知識労働者というと高学歴者というイメージがあります。いわゆるエッセンシャルワーカーと知識労働者は別物なのでしょうか。

ドラッカーは必ずしもそのようには考えていませんでした。特に「テクノロジスト」、つまり知識労働と肉体労働の両方をこなす人々には非常に広範囲な職業が含まれるのです。

ドラッカーは1920年代のAT&T社の電話工事士、つまり電話機の設置作業者を「テクノロジスト」と考えていたのです。

当時のAT&T社にとって、電話工事士は大きなコストであるとともに顧客の不満の種であったといいます。その原因は、電話工事士の仕事ぶりが顧客ニーズに合っていないことにありました。そこで、電話工事士に顧客ニーズを理解させ、あらゆるクレームを24時間以内に解決するというルールを設けることにしたのです。

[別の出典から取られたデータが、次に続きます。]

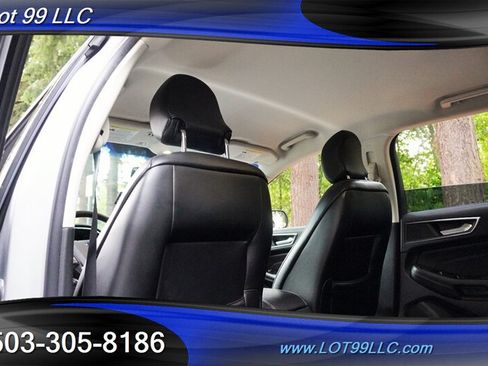 Used 2017 Ford Edge Titanium w/ Technology Package AWD/4WD image 12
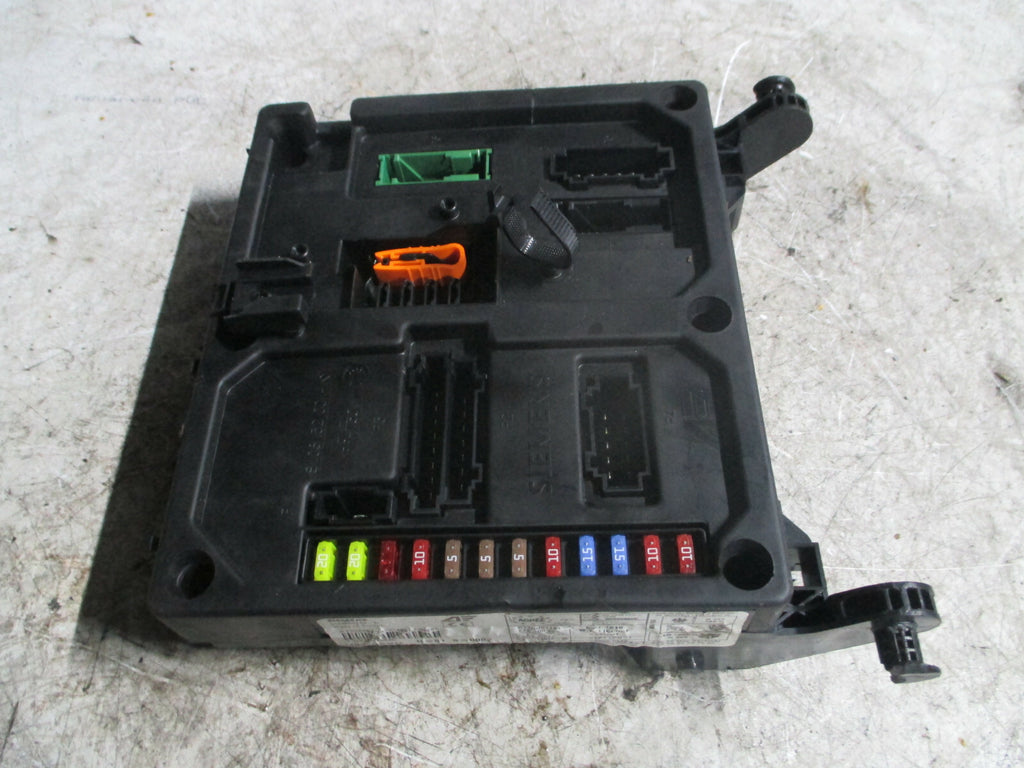 SEAT ALHAMBRA MK1 7M 2004 1.9 DIESEL FUSEBOX CONTROL MODULE UNIT 4M2114B205BA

次に、電話の架設の仕事と修理の仕事を別の職種にすべきか、それとも一人で両方を担当させるかを電話工事士自身に決めさせました。彼らの答えの多くは、後者の「一人でこなす」というものでした。

そこで、AT&T社は彼らに、電話、交換機、電話網などについての理論的知識を体系的に身につけさせ、どのような問題であっても自分自身で原因究明できるように教育しました。こうして、顧客にはどのような電話機が適しているかを電話工事士たち自身が判断できるようになったのです。こうして、彼らは会社のセールスマンとしての役割も兼ねるようになりました。

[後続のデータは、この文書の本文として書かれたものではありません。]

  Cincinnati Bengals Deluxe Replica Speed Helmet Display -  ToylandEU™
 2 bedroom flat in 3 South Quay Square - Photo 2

さらに、一人で働くスタイルが基本である電話工事士たちに、自分たちの仕事の質を定義させました。彼らを細かく監督できない以上、自己管理してもらうしかなかったからです。そして、その仕事の質が正しいかどうかを苦情件数で判断したのです。

しかし、苦情件数は仕事の質の判断基準としては適切ではありませんでした。そこで、つぎに顧客満足度によって仕事の質を判断するようにしたのです。工事が終わって一週間ほどのちに、電話工事士自身が顧客の所に出向き、「結果に満足しているか」「他にも何かしてほしいことはあるか」といったことを訪ねさせたのです。

こうした取り組みによってAT&T社は電話工事士たちの仕事の生産性を飛躍的に向上させたのです。

AT&T社の取り組みは100年も前の事例です。しかし、テクノロジストが成果をあげるために必要な、①仕事の目的の明確化 ②仕事の質の定義 ③知識労働者としての自覚のすべてが入っています。業務改革以前のAT&T社の電話工事士たちは単なる肉体労働者でした。しかし、三つの視点に基づいた改革によって、彼らは立派なテクノロジストに生まれ変わったのです。

また、彼らのほとんどは小学校卒の学歴しかもっていませんでした。つまり、テクノロジストと学歴とは無関係なのです。知識労働の三つの視点を意識していれば、誰でも知識労働者になれるのです。

この事例はハイブリッドワークライフとは何か、エッセンシャルワーカーにどのように応用するかのヒントを与えてくれるのです。